19. The system of claim 18, wherein the treatment fluid comprises a crosslinkable component and the pH modifiers are activators to activate crosslinking of the crosslinkable component.

20. The system of claim 14, further comprising a controller to adjust amperage and voltage between the electrodes.

21. The system of claim 14, wherein the electrolysis cell is positioned upstream of the well.

22. The system of claim 14, wherein the electrolysis cell is positioned downhole in the well.

23. The system of claim 14, wherein the motive unit comprises a pump and the electrodes are spatially separated across a pump in the treating line.

24. The system of claim 14, wherein a first one of the electrodes is disposed in the treating line and a second one of the electrodes of opposite polarity to the first one of the electrodes is disposed in a tank in fluid communication with the treating line.

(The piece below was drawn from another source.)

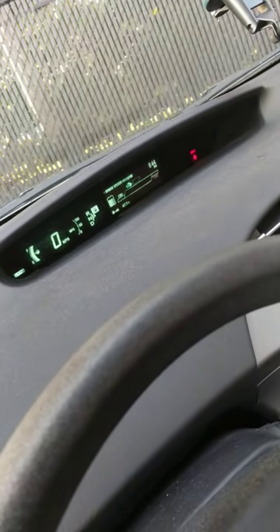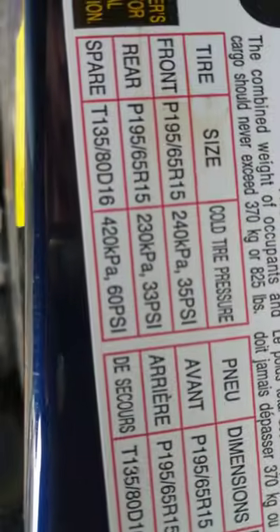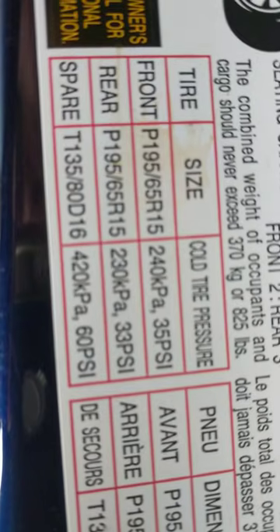Now this is done automatically after the tires are filled to the correct levels. You can find that right here — front 35, rear 33. Don't forget the spare being 60.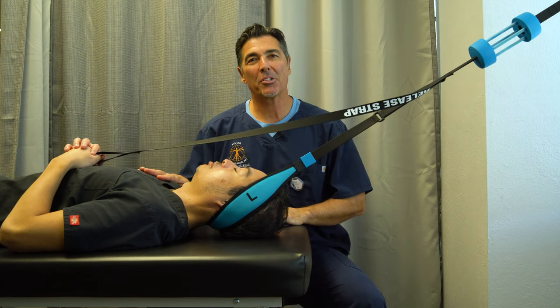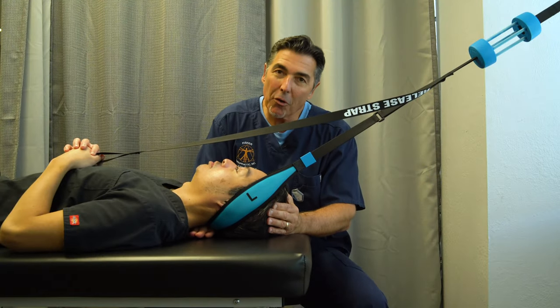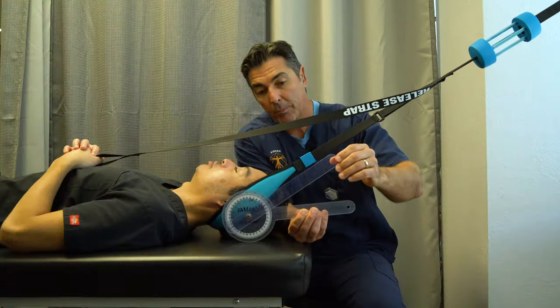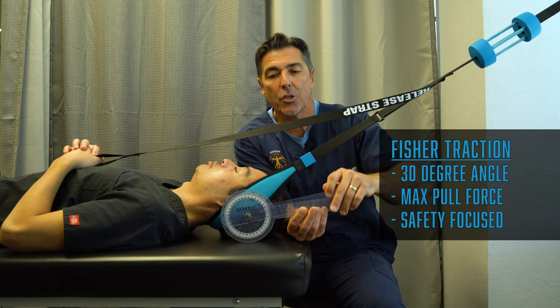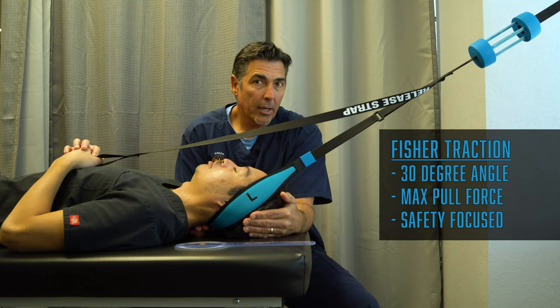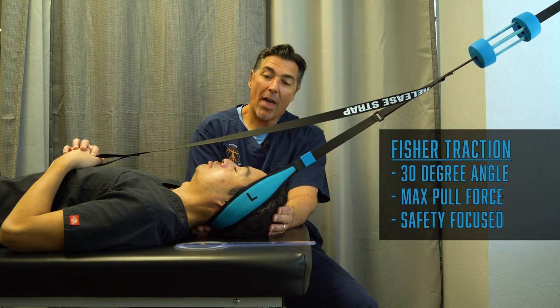We'll show you examples of how Fisher Traction is different — how it helps maintain and actually create more curve where other devices do the opposite. We have Ram here, our physical therapist. You can see I can put my hands right underneath his neck, so the curve is maintained and his head is still resting on the ground where his muscles can relax. The angle of pull is really important — about 30 degrees, which is the ideal angle to address the middle of the neck up towards the occiput, covering the whole neck while maintaining and promoting that curvature.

25. A method to treat a subterranean formation penetrated by a wellbore, comprising:

providing a treatment fluid stage comprising a particulate-containing substage comprising a self-agglomerating solid composition;

injecting the treatment fluid stage above a fracturing pressure through a treating line and a wellbore in a flow path to a fracture in the formation;

modulating amperage to an electrolysis cell in the flow path to form a heterogeneous concentration of one or more electrolysis products to transform the self-agglomerating solid composition in the fracture into a channelized solids pack comprising clusters having a high concentration of solids, wherein the clusters are separated by open voids having a substantially reduced concentration of solids between the clusters; and

closing the fracture onto the clusters.